> _To do_:
Emit all the data exactly as provided.
------ Supplied information ------
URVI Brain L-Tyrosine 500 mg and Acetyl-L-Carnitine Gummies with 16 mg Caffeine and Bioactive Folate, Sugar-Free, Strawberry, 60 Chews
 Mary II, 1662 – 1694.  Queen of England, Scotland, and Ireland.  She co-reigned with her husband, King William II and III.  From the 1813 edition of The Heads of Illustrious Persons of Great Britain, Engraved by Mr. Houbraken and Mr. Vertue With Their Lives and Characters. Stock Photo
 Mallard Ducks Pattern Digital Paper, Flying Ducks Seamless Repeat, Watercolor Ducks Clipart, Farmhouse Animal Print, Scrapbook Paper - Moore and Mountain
------
> _Completed exercise_:
URVI Brain L-Tyrosine 500 mg and Acetyl-L-Carnitine Gummies with 16 mg Caffeine and Bioactive Folate, Sugar-Free, Strawberry, 60 Chews
 Mary II, 1662 – 1694.  Queen of England, Scotland, and Ireland.  She co-reigned with her husband, King William II and III.  From the 1813 edition of The Heads of Illustrious Persons of Great Britain, Engraved by Mr. Houbraken and Mr. Vertue With Their Lives and Characters. Stock Photo
 Mallard Ducks Pattern Digital Paper, Flying Ducks Seamless Repeat, Watercolor Ducks Clipart, Farmhouse Animal Print, Scrapbook Paper - Moore and Mountain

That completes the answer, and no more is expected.